Bla Bla Bla here's some fish pics LOL....all these fish come from a one mile stretch of bottom..inside of a pass. kept going back but i normally dont go back to the same spot right away..this was the only place that seemed to have any flounder.the sheep head came from the sheep head spot not the pass...all three nights of incoming tide.. bla bla bla ...gig on


----------



## bamafan611 (Mar 1, 2010)

Dang Bill, another great night. Went last night to the pass myself, just not the same results. Saw alot of shorts. Redfish everywhere. Found 12 solid fish. Incoming tide is your friend. How you liking your cosson gigg?


----------



## bigmike2010 (Jul 13, 2012)

Now those are fun nights! Good job Bill


----------



## oysterman (Jan 23, 2012)

edit


----------



## gigability (May 6, 2014)

Jim Cosson gigs are the best ever,, titanium gigs are best for the flounder in my opinion and i like the stainless for the sheep heads they don't stand a chance with that gig...absolutely right with the incoming tide...


----------



## darsinika (Apr 18, 2010)

*Help*

i am new to gigging, i only went to shoreline park, i have a feeling i do not have much of a clue except for YOU TUBE. any wisdom will be used wisely.


----------



## Fish-n-Fur (Apr 2, 2009)

Billy, nice mess of fish!

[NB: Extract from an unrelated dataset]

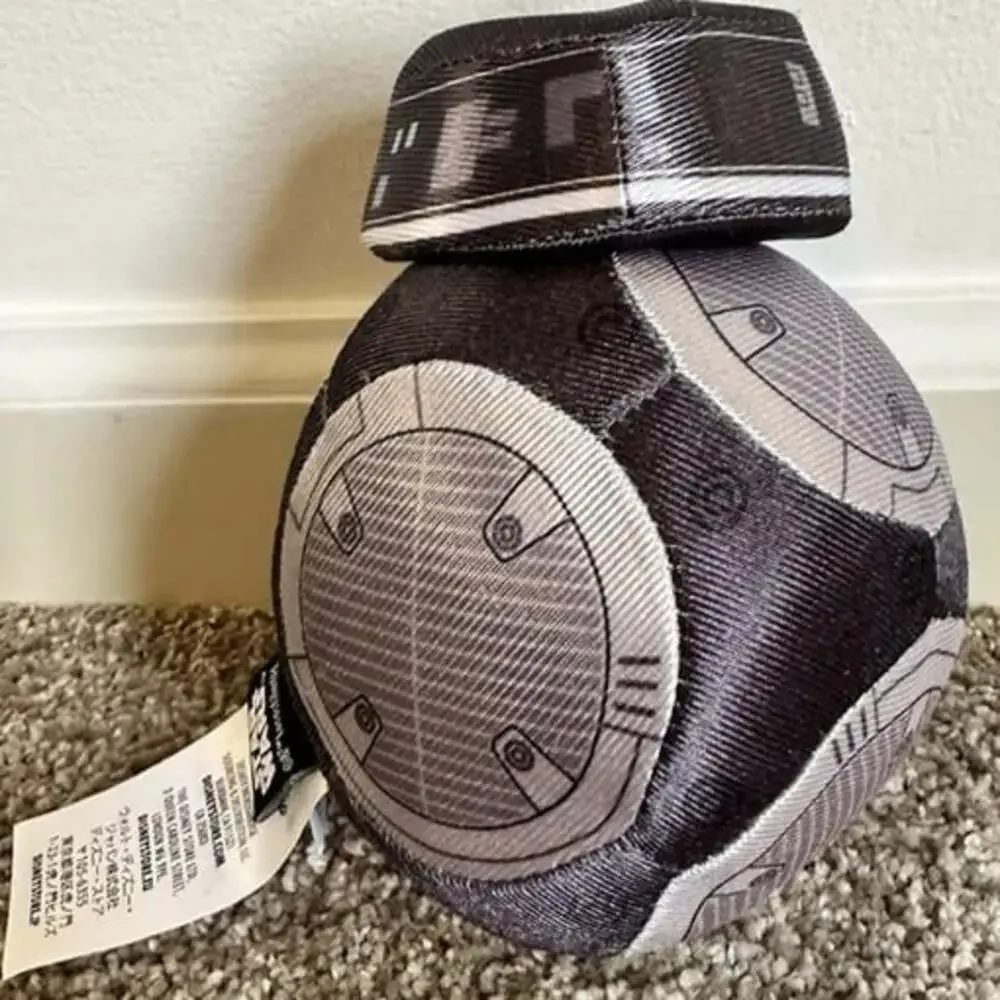 Disney Store Star Wars: The Last Jedi BB-9E 6'' Plush (CLEAN!) ~ FREE SHIPPING!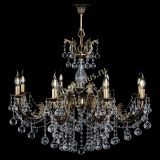 Люстра бронзовая Кассандра Алфея №8/1 шар в Магнитогорске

You findin' the sheepsheads around pilings and vertical structure, or am i imaginin' wrong? :thumbsup:


----------



## gigability (May 6, 2014)

most of my sheep head come out of the grass. and rocks and trees that have fallen into the water.and some docks..


----------



## Rickpcfl (Nov 12, 2013)

I think you might stand a chance of being the first person in history to wear out a Cosson gig.


----------



## Night Wing (May 16, 2011)

That's a great haul of flatties.


----------